2018; Combat Gesture Recognition (Robotics Club)

Guining Pertin
Dec 31, 2018
6 min read

Introduction

This project was first done for “Combat Assist for Soldier Support” event under Robotics Club at Kriti 2017, Annual Technical Competition, IITG

TL; DR: https://github.com/otoshuki/Old_Arduino_Projects/tree/master/Combat_Mk2

This was one of my first projects back in my freshman year and our team came 2nd in the competition that year. Looking back at my work, even few months after the event, I found that I could’ve made it way more efficient than the “Jugaad” method we applied. So I decided then that I’d improve the system someday. That is what finally brought me here, after I gathered enough motivation to work on it.

The Idea

So, in this new improved version I plan to include the machine learning and mathematical techniques I’ve learned over the last 1 year. But before that, let me first explain the problems with the previous version.

My life is full of problems that I never found the solutions for!
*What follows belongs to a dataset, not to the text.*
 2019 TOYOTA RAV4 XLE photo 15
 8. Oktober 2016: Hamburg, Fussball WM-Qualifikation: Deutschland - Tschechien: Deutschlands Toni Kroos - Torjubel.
The first version used 5 flex sensors, one for each finger and an MPU-6050 IMU to determine the hand orientation and movement. They were soldered “haphazardly”, had several tapes attached to it and had a very very cluttered circuit.

Flex sensor readings, which is based on a voltage divider circuit are really noisy and often vary real-real fast. High frequency stuff.

My “classification algorithm”, if I can actually call it one, was nothing but a set of if-else, which I’d hope to call a naive decision tree if allowed.

Now you see the big problem, high frequency noise with nothing but decision tree for classification would inevitably lead to noisy and wrong classification. This was partly solved in my first model using a switch to determine at which point to sample the gesture.

Some solutions I thought of

The circuit can be improved anyway, for I’ve finally started actual electronics labs and courses from the department, learning practical techniques.

The high frequency noise can be effectively reduced by what is called moving average, a form of Low-pass filter.

For the classification algorithm, I am planning a supervised approach, with labels for each symbol and data collected at runtime, probably using some calibration function at the start.

This should solve most of the problems.

So I finally completed the project by doing the following –

Fit 5D flex sensor data over a Gaussian distribution.
Perform moving average(simple+exponential) to get current sample.
Use Naive Bayes classifier with MAP decision rule to classify the sample.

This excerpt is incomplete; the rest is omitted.